In light of ISS’s position on hedging and pledging, as well as a pending provision under the Dodd-Frank Wall Street Reform and Consumer Protection Act that calls for the SEC to adopt rules requiring companies to disclose in their proxy statements whether they allow employees and directors to hedge company shares, companies should carefully review and, if appropriate, revise their policies with respect to these matters. Companies may also want to disclose their hedging and pledging policies and any other relevant factors in their proxy statements to address shareholder and ISS concerns.
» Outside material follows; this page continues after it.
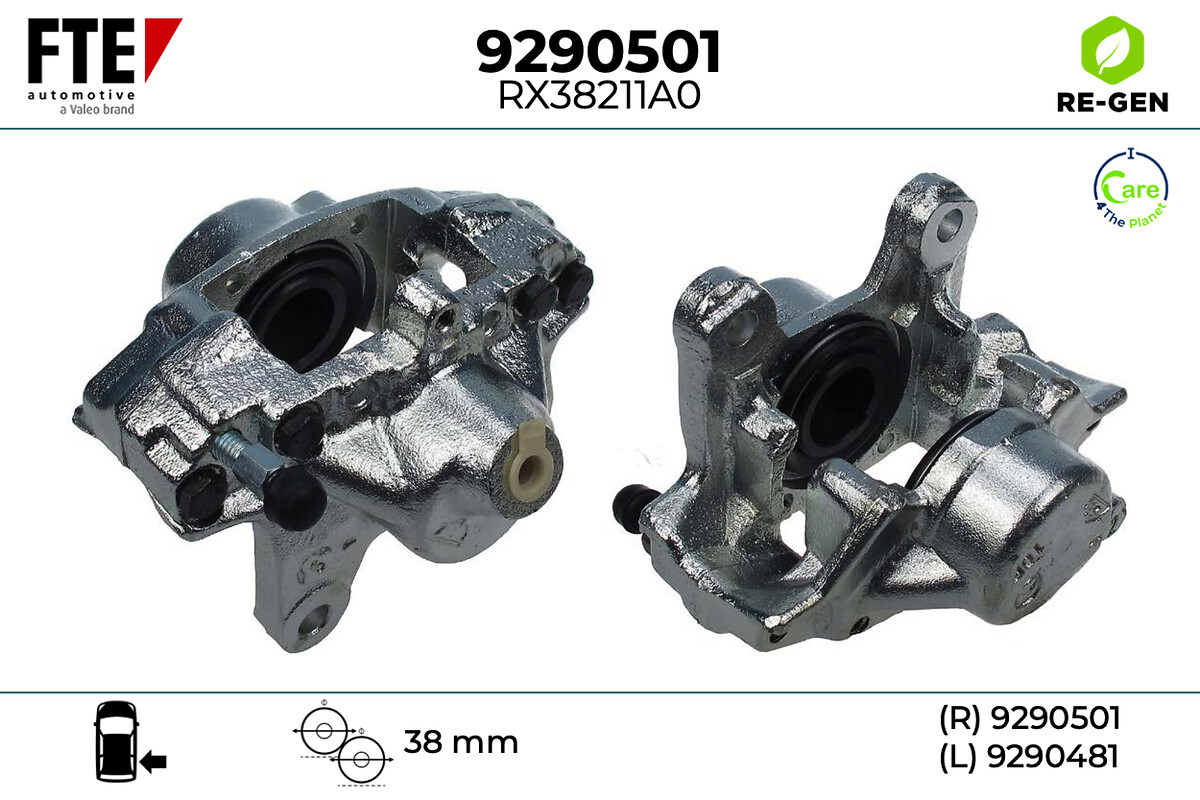 Étrier de frein FTE automotive GmbH ref. 9290501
  • Overboarded Directors. ISS recommends a vote against, or a withhold vote from, individual directors who (1) sit on more than six public company boards or (2) are CEOs of public companies and sit on the boards of more than three public companies. ISS will no longer count publicly traded subsidiaries that are owned 20 percent or more by the parent as one board with the parent company. Instead, each subsidiary with publicly traded stock will be counted as a separate board for this determination.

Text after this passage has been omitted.